Hitler ordered the German Army to enter Prague on 15 March 1939 and from Prague Castle proclaimed Bohemia and Moravia a German protectorate. For most of its history Prague had been a multi-ethnic city with important Czech, German and Jewish populations. From 1939, when the country was occupied by Nazi Germany, and during World War II, most Jews were deported and killed by the Germans. At the end of the war Prague suffered several bombing raids by the USAAF. Over 1,000 people were injured, 701 people were killed, and hundreds of buildings, factories and historical landmarks were destroyed (however, the damage was small compared to the total destruction of many other cities in that time). On 5 May 1945, two days before Germany capitulated, an uprising against Germany occurred and four days later, the 3rd Shock Army entered the city. Following the war, Prague was under the military and political control of the Soviet Union.
The 4th Czechoslovakian Writers’ Congress held in the city in 1967 took a strong position against the Soviet regime.

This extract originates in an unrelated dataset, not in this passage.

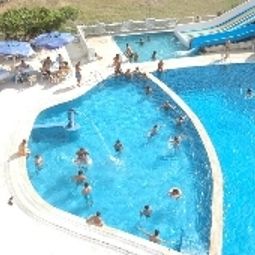 Pool Penguen Fotos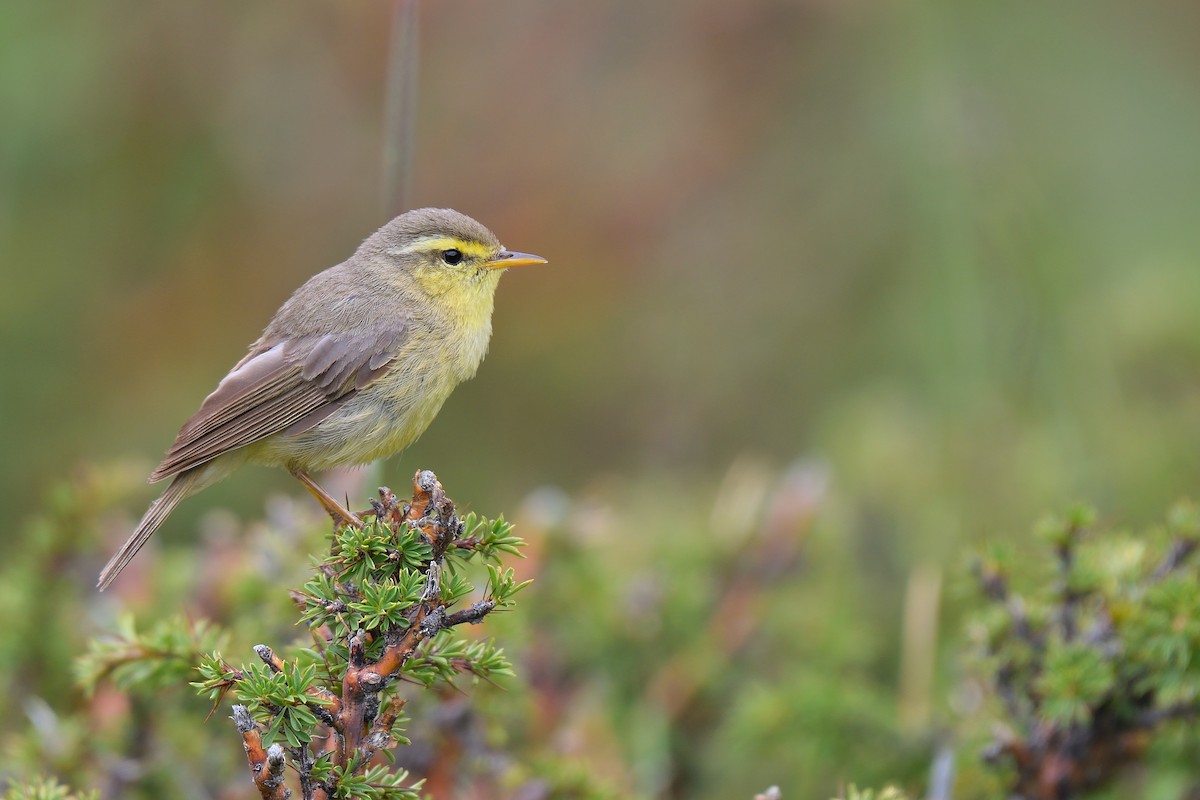 黃腹柳鶯(affinis/perflavus) - ML106822341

This spurred the new secretary of the Communist Party, Alexander Dubček, to proclaim a new deal in his city’s and country’s life, starting a short-lived season of “socialism with a human face”. It was the “Prague Spring”, which aimed at the reinstatement of democracy. On 21 August 1968 the other Warsaw Pact member countries, except Romania and Albania, invaded Czechoslovakia and the capital city with troops and tanks, suppressing any attempt at reform. In 1989, after the riot police beat back a peaceful student demonstration, the Velvet Revolution crowded the streets of Prague, and brought back democracy to the Czech people. In 1993, after the split of Czechoslovakia, Prague became the capital city of the new Czech Republic. 
Today Prague is a shining example of democracy. You can proudly sport a “I Heart Prague” sweatshirt, purchased from one of the abundant souvenir shops or your girlfriend, wife, mother or sister can slip into a pair of Prada pumps and hang a Fendi purse from her arm, purchased from one of the high end retailers in the trendy shopping district of Prague. It’s just like being in America, only with really cool old buildings and cobble stone streets.